Peers, sessions, and two API calls

Four primitives cover the surface. Two are containers (Peers and Sessions), two are actions (writing a Message triggers reasoning; reading via context() or .chat() returns curated state).

Peer

Any entity Honcho can model — a user, an agent, an NPC, a group. Not just user-vs-assistant. Peers have scoped perspectives and can be added to sessions freely.

Session

A container for messages between peers. Sessions can include any combination — one user + one agent, groups, subagent trees. Reasoning is scoped to the session but informed by everything Honcho has learned about the peers in it.

                          HONCHO — HOW A MESSAGE FLOWS

   your app                                       Honcho
   ────────                                       ──────
      │
      │  session.add_message("Alex", "...")
      ├────────────────────────────────────────▶ ┌───────────────────────┐
      │                                          │  1. store + index       │
      │                                          │     Message → session   │
      │                                          └───────────┬───────────┘
      │                                                      │
      │                                                      ▼
      │                                          ┌───────────────────────┐
      │                                          │  2. Neuromancer          │
      │                                          │     reasoning fires     │
      │                                          │     (custom model)      │
      │                                          └───────────┬───────────┘
      │                                                      │
      │                                                      ▼
      │                                          ┌───────────────────────┐
      │  session.context()                       │  3. state updated       │
      │◀─────────────────────────────────────────│     per-peer + session  │
      │  curated summary + relevant history      └───────────────────────┘
      │  ~200ms · token-budgeted
      │
      │
      │  peer.chat("What are Alex's recurring concerns?", level="high")
      ├────────────────────────────────────────▶ ┌───────────────────────┐
      │                                          │  on-demand reasoning    │
      │◀─────────────────────────────────────────│  5 priced tiers         │
      │                                          │  $0.001 → $0.50         │
      │                                          └───────────────────────┘
      │
      │                     ─── in the background ───
      │                                          ┌───────────────────────┐
      │                                          │  DREAMING                │
      │                                          │  async reasoning that   │
      │                                          │  refines each peer's    │
      │                                          │  model between turns    │
      │                                          └───────────────────────┘

What "dreaming" actually is

Between explicit calls, Honcho runs background reasoning on each peer — pattern identification, hypothesis testing, conflict resolution against new evidence, weighting of prior conclusions. It's an asynchronous learning loop that improves the state you'll fetch on the next context() call, without slowing down inference.

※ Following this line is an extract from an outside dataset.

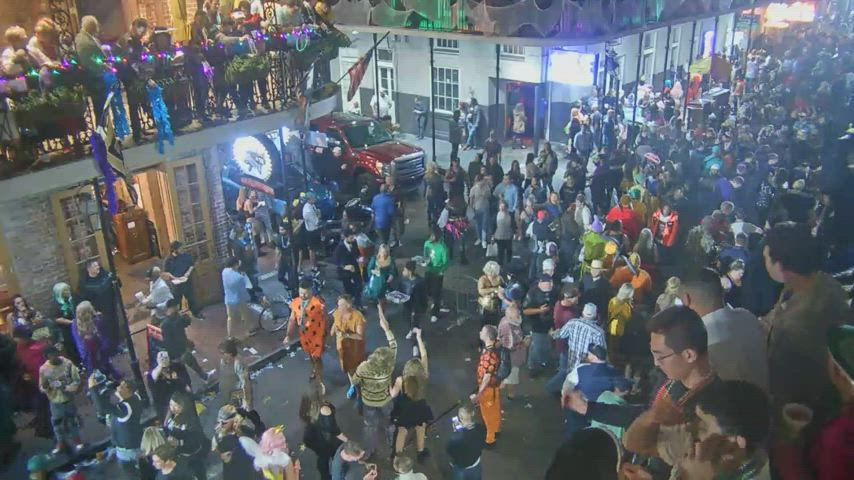 Woman in costume flashes boobs multiple times from multiple angles on bourbon street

This is the piece that distinguishes it from "vector store with a summary" implementations. Memory that reasons vs. memory that retrieves.

// REASONING API

Five reasoning tiers on demand

The .chat() call is priced by depth. Cheap tiers for lookups you'd do at every turn; expensive tiers for the once-per-session syntheses you actually want a real answer for.

TierCost / queryLatencyExample query
Minimal$0.001instant"What's the user's name?" · single semantic lookup
Low$0.01instant"When's the user's birthday?" · conclusions with surrounding context (default tier)
Medium$0.05fast"Describe the user's communication style" · multiple searches, directed synthesis
High$0.10async"How has the user's sentiment evolved?" · multi-pass analysis over time
Max$0.50async"Build a churn-risk assessment" · exhaustive full-history with quantitative methods

The economic point: cheap tiers make sense to call every turn (they're basically free), expensive tiers make sense once per session or per critical decision. Compare this to a naive "give me everything and let the LLM sort it out" pattern where you pay top-line inference cost every time regardless of query difficulty.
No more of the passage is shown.